The CPU’s surroundings

The CPU fits into a dedicated socket on a compatible motherboard, which connects it to the rest of the system components. Until a few years ago, communication between the CPU and other components was mediated by two chips on the motherboard: the “north bridge” dealt with high-speed connections such as PCI Express and memory buses, and the “south bridge” handled lower-bandwidth components such as sound cards and hard disks. Together, these chips were called the chipset.

In modern designs, the memory controllers – and, sometimes, the PCI Express controllers too – are built directly into the processor, which makes things faster and more efficient. Motherboards still offer a range of chipsets, however, supporting different features. For example, the Intel H67 Express chipset supports the integrated graphics processors that are built into current Core i3, i5 and i7 processors. The P67 Express chipset doesn’t support onboard graphics, but does enable overclocking (on CPU models that support it). On the AMD side, the 870 chipset allows the motherboard to offer a single PCI Express x16 slot, while the 890FX chipset can support up to four such slots. Many AMD chipsets also include a low-power GPU, since AMD’s Athlon and Phenom processors don’t have graphics inside the chips themselves.

What the CPU does

Clearly, the CPU is a highly sophisticated piece of electronic engineering. But in terms of what it actually does, you can think of it as essentially a calculator, whose primary function is to apply simple mathematical operations to the values stored in its internal registers. It can also copy these register contents to and from the computer’s main memory as needed.

Fundamentally, therefore, computer programming is a process of preparing the appropriate instructions to be performed in the right order on the appropriate data. Originally, this was done in assembly language – a system of codes that directly represent the CPU’s internal instructions. These days it’s more usual to write in languages such as C++, and to use compiler software to translate your program into native machine code. The principle is the same, however.

When the CPU executes a program, each instruction goes through a four-stage cycle. First, the instruction code is fetched from memory. Then it’s decoded to determine the actual instruction required. If the instruction requires a piece of data to be fetched from the main memory, this is done. Finally, the instruction is executed, and any output is written to memory, or to an internal register.
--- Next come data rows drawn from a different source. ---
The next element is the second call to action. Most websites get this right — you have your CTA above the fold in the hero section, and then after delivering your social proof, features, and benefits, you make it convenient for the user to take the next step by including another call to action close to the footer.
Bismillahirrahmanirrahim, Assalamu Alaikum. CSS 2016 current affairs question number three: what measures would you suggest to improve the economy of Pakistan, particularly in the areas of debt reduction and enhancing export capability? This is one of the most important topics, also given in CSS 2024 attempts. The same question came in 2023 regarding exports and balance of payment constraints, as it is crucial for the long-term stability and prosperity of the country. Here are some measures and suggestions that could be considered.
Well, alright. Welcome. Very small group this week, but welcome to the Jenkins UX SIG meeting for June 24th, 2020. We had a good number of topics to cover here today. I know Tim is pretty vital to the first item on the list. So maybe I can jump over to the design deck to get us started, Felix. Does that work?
Execution then continues with the next instruction code.

If you think of the CPU as a clockwork mechanism, each stage of this process represents a “tick” – more formally known as a clock cycle. The number of ticks the CPU completes per second represents its operating frequency, or clock speed. A typical CPU might have a frequency of around 2GHz – equivalent to two billion cycles per second. (In fact, modern processors can automatically adjust their frequencies to suit the workload – see SpeedStep and Turbo Boost – but for the purposes of this example, let’s assume the frequency is constant.) If each instruction goes through a four-stage process, you’d expect a 2GHz CPU core to complete 500 million instructions per second. In fact, modern CPUs can do rather better than this, thanks to an approach called pipelining.

Pipelining

In the four-stage cycle described above, each stage of the instruction cycle is carried out by a different part of the core; for example, once the instruction fetcher has retrieved an instruction and handed it over to the decoder unit, it has nothing more to do. Pipelining takes advantage of this by immediately putting the fetcher to work on the next instruction, while the decoder unit is doing its job – and so on along the chain. This means all the parts of the CPU can be working at once, and in theory one instruction can be completed in every single clock cycle.
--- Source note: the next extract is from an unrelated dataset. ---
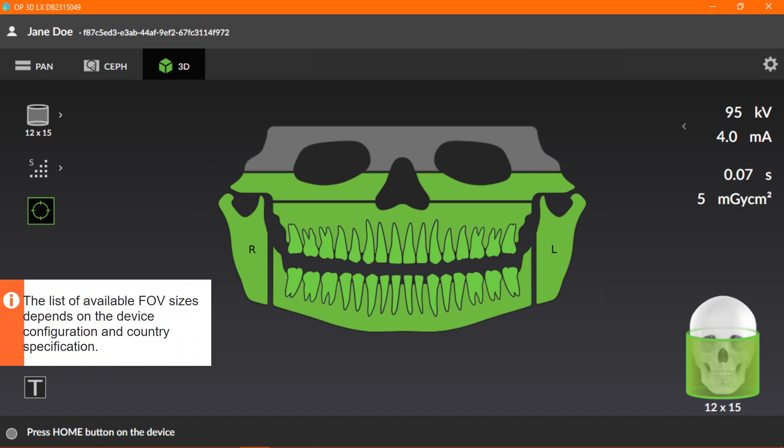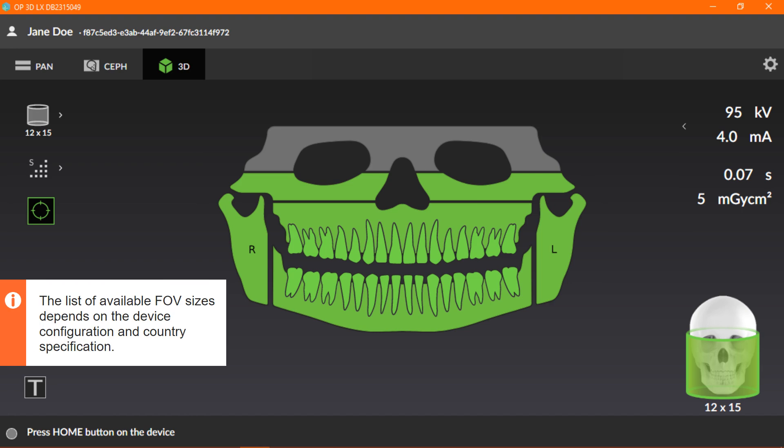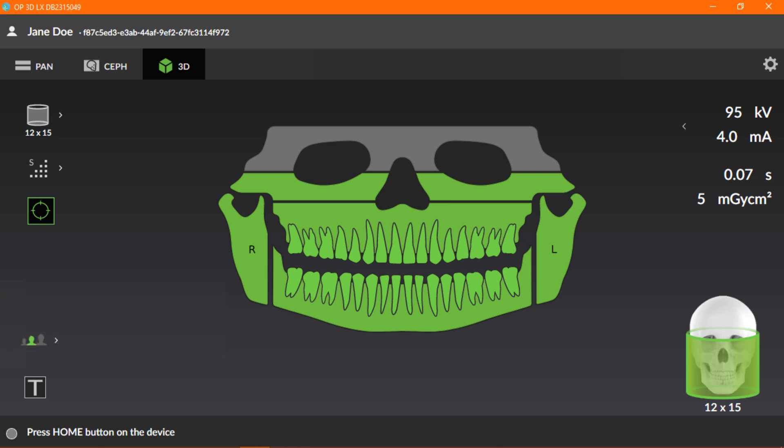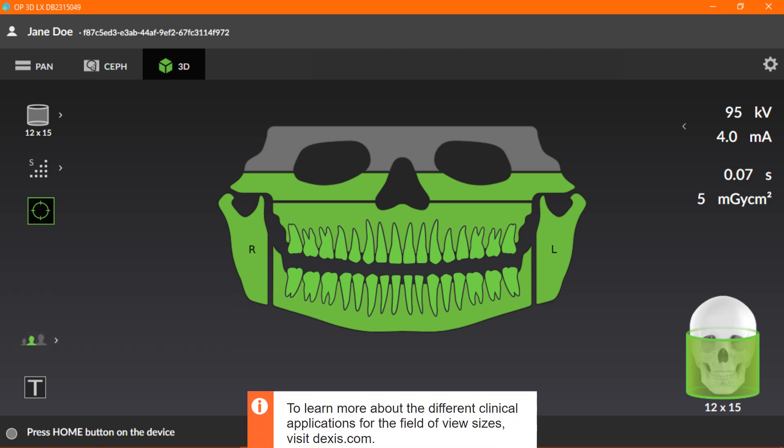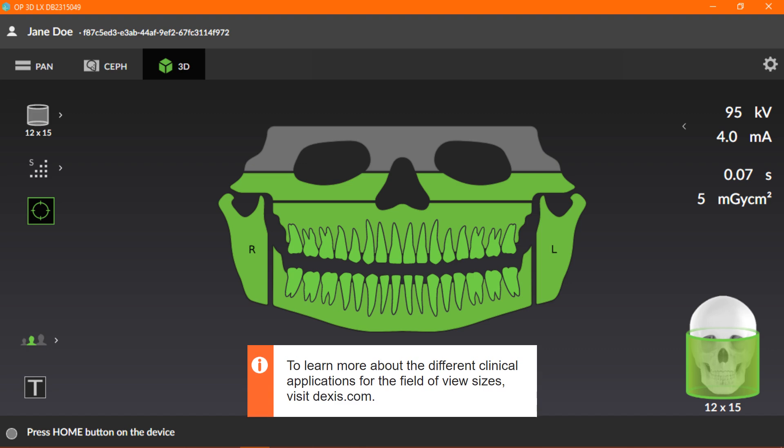Also note, the list of available FOV sizes depends on the device configuration and country specification. To learn more about the different clinical applications for the field of view sizes, visit Dexis.com.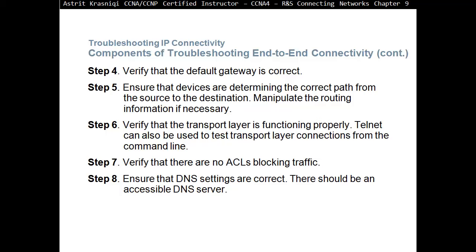Step 6: verify that the transport layer is functioning properly. Telnet can also be used to test transport layer connectivity from the command line. Step 7: verify that there is no ACL blocking the traffic. Step 8: ensure the DNS settings are correct — there should be an accessible DNS server.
In practice, the system isn’t quite this efficient. We’ve assumed that each stage in the pipeline takes one clock cycle to complete, but in reality the execution stage can often take several cycles, depending on the complexity of the instruction. On an Intel Sandy Bridge processor, for example, multiplying two 32-bit values together takes four cycles, and dividing one value by another takes 26 cycles. While these operations are being processed, the pipeline can’t progress. Depending on the nature of your code, a core could fall far short of executing one instruction per clock cycle.
Pipelining can also fail when a conditional branch instruction is encountered – that is, where the flow of the program is potentially diverted according to a logical test. Such branches are a basic ingredient of programming: even the most casual tinkerer will recognise constructions such as “IF X<5 THEN GOTO 20”. But such constructions are anathema to pipelining. Until the logical test is processed – at the end of the pipeline – the fetcher has no way of knowing whether it should be continuing to fetch the next instruction in sequence, or whether it should be branching to a different point in the program.

So the fetcher makes an educated guess, with the help of a dedicated circuit called a branch predictor. This component tries to predict what the outcome of the logical test will be, based on the outcome of previous similar operations. On this basis, the fetcher continues speculatively loading instructions into the pipeline. But the branch predictor can’t be right all the time, and when it’s wrong the pipelined instructions must be discarded, leading to wasted cycles as the pipeline is refilled.

What’s more, although we’ve characterised the execution cycle as a four-stage process, modern CPU architectures typically break the work down into many smaller stages. Intel’s Core 2 Duo models, for example, use a 14-stage pipeline, and the Pentium D that preceded them had 31 stages. Depending on the processor, a failed branch prediction could mean discarding a dozen pipelined instructions or more – and wasting that many cycles.

Caches & out-of-order execution

There’s a further problem with the pipeline model as we’ve described it above. In our examples, we’ve assumed that fetching instructions and data from the system memory can be done in one clock cycle. In reality, depending on the speed of your DIMMs and CPU, it can easily take 15 cycles or more to load a value from memory into a CPU register.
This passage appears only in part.